Pecan Encrusted Red Snapper (Courtesy Tif Smith)
Finely chop the pecan and mix with bread crumbs and cajun seasoning.
Spoon on a syrup onto each filet and use your fingers to spread it over the top of the fish.
Press the syrup side of fish into the pecan mixture, making sure that a good layer of the pecan mixture adheres to the snapper.
Heat a saute' pan (allow it to get hot before adding the olive oil). Add 2 tbs. of olive oil and gently place the snapper pecan side down in the hot pan.
Allow the snapper to brown for about 1 minute. Be careful not to let it burn.
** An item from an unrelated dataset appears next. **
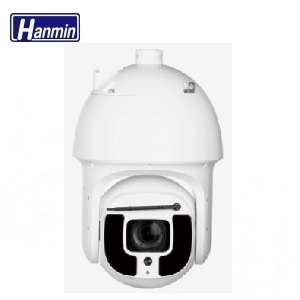 HM-CWI4GMA  400萬畫素40倍快速球型網路攝影機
The syrup will caramelize quickly. Ver gently use a long metal spatula to turn the snapper over, keeping the topping in place and cook on this side of the snapper for another minute to sear. When removing from the pan, if any of the pecans fell off, replace them in the spots that need them.
Place in a baking dish with a little water and continue to cook in a 350 degree oven for about ten minutes.
In a small saute' pan, add 1 tbsp. of butter and after it melts add brown sugar and blend well.
Add lime juice and tequila. Allow the alcohol in the tequila to burn off.
Add in the last tbsp. of butter and allow the mixture to thicken. Do not overheat the sauce or it will burn. Wait until you are ready to serve the snapper before the final heating of the margarita sauce.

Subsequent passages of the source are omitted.